I recall taking an interpersonal skills course in college,
and there were seven of us on day one.
By day two one had dropped as the size of the class was already too
uncomfortable for him. So, the six of us
plowed through various psychology and communicative styles in order to
appreciate other approaches and develop our own more deeply. It was thoroughly challenging and incredibly vulnerable.
So much of what was emphasized was basic response-oriented
training. When someone walks into a room,
acknowledge that person - say hello, ask them to have a seat, ask if you can help them. Body language,
verbal cues and facial expression are a functional part of managing people. Further, and more likely for many these days, the tonality
and inflection of the voice on the phone, and the sentence construct on a text
or email, set the stage for an appropriate conversation with an employee.

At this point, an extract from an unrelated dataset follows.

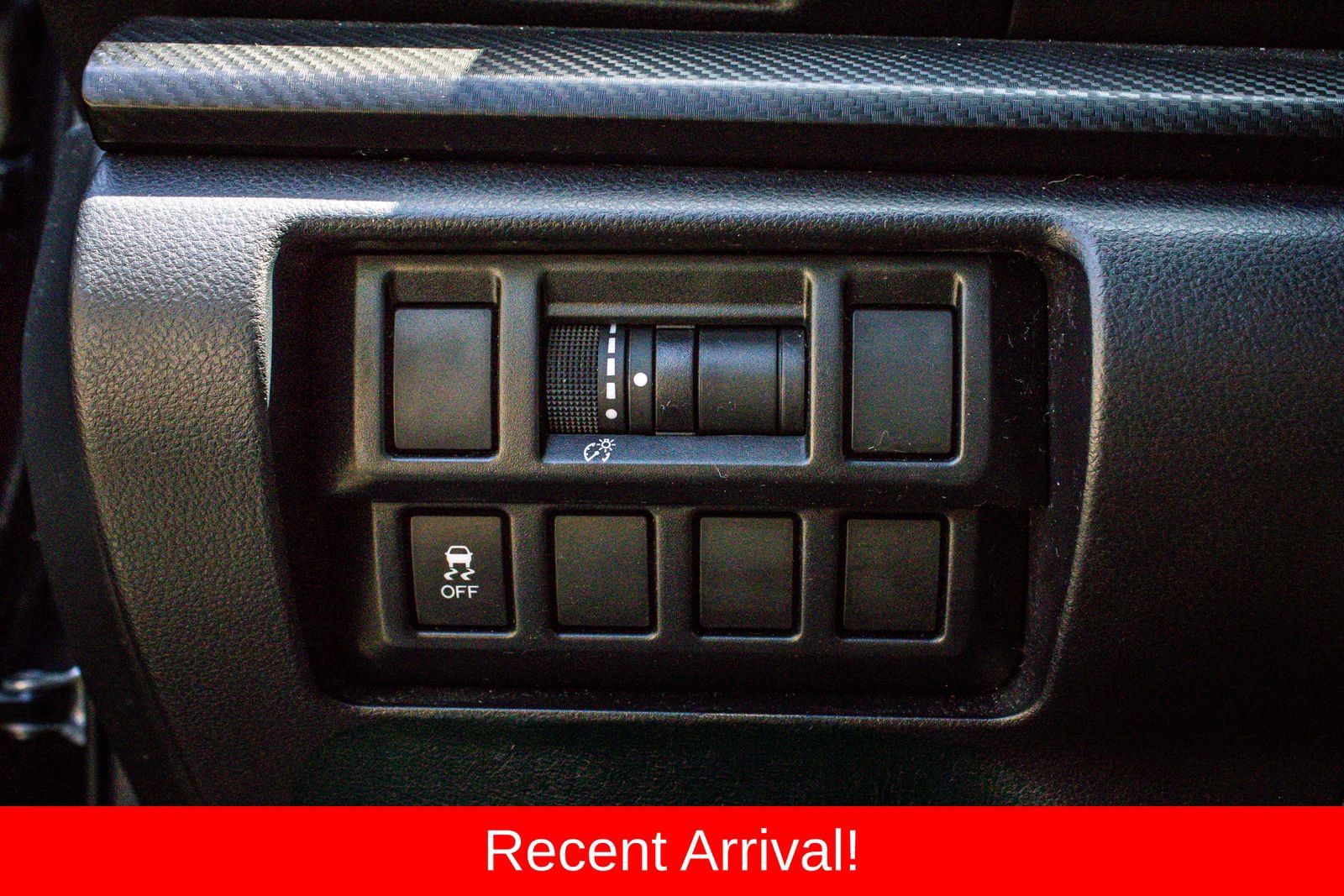 Used 2018 Subaru Impreza 2.0i AWD/4WD image 18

As our work in the human resources field continues to move
in a metric-oriented discipline, which has great merit, it is vital that we not
lose our people management skill set. And
if you’ve never had a people management skill set, then it is time to work on
it.
When people come to you, there has already been a story
playing for them. Pain or anger may have
taken root, depending on the situation. Broken
relationships cut deep – whether breakups, divorces or death. Our job is to get to the heart of it. We’re not counselors, understood, but if an
employee is walking into your office, then bet your bottom dollar that whatever
the issue is will distract that person from work. It is now a work consideration.
Basic coping mechanisms may be extended to the person, and
sometimes that happens naturally just by having someone on whom to unload. The skill sets of the employee could be
clouded, but our act of listening and providing visual cues of such attention
might move those clouds. The ability to
jump back into the swing of “normal” functioning may be as simple as that. Yet, when the door is consistently closed and the email
goes unanswered, an employee dives deeper into his/her issue, making it more
difficult to un-cloud.
Everyone has a story.
There is no one free from baggage.
Everyone wants more time.
Everyone has regrets (or would like a do-over on some things). Everyone has lost their way for a bit. Remember this as a people manager. Those we manage do look to us. What do they see? Of course, depending on the
situation, there are likely to be more steps after listening, but the first step sets
the right tone.
Answer the phone, respond to the email, open your door. Engage with your people. It doesn’t need to be seen as an employee
engagement objective. It should be seen
as being a person. A person who can support
another person. And sometimes we’ll have
quite a heavy burden to share in with this employee. We can manage the road together.